Apple made it cool to design your own silicon, and these days everyone wants to play. TSMC is where most of those custom chips are made today, but with new design tools and a plethora of processes, Samsung hopes to take some more of that growing market.
Samsung’s Foundry already makes chips for the likes of IBM, Qualcomm, and Tesla, but the chaebol has greater aspirations. My colleague, Sam Tuan Wang, went to Samsung’s third annual forum in Santa Clara and was impressed to see 1300 attendees being told about a wide portfolio of technology offerings. The company appears to have covered every single even and odd node of geometry scaling from 7nm down to 3nm by 2022, and device structure is migrating from FinFET to gate all around.
But more important, in addressing the changing market, is support for the legacy technologies where a wide range of options are offered for different applications in high performance, ultra-low power, or RF. The future of semiconductor foundry is about diversification, as customers designing their own chips will have very different requirements. The winning foundries will be those that can offer a choice of processes, smaller volume, various photo layers for diversified customers.

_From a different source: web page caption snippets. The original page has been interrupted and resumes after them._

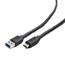 CABLE USB-C TO USB3 3M/CCP-USB3-AMCM-10 GEMBIRD - Pilt 2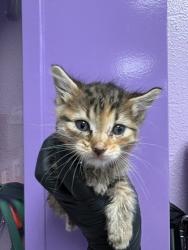 Shelter Stray Female Cat last seen El Paso, TX 79925, Fort Bliss, TX 79906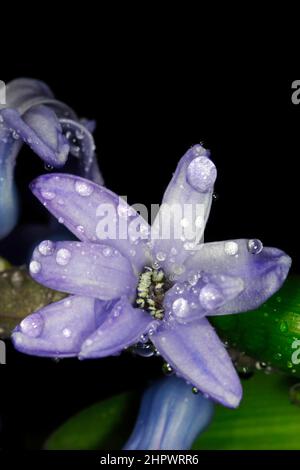 Close-up of the inflorescence with water drops of the blue hyacinth (Hyacinthus), studio photography against black background Stock Photo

In terms of diversification, Samsung has rapidly increased their 200mm fab capacity for foundry business in offering CIS, RF, PMIC and other technologies up to 65nm, a rare case for 200mm fabs. Also Discussed in the forum were 2.5D and 3D system-in-packaging wafer and panel level technologies, the stacking of logic wafers with memory or CMOS image sensor. Samsung is expanding its design ecosystem and increasing collaboration with EDA vendors and Azure, AWS system companies in preparing the design-in-cloud capability.
Gartner’s position on Foundry Direct is that by 2025 40% of application-specific integrated chips (ASICs) will be designed by OEMs (see How Your Business Should Realize the Benefits of the OEM-Foundry-Direct Revolution for details), so there is a significant market being created for foundries that are flexible enough to serve it.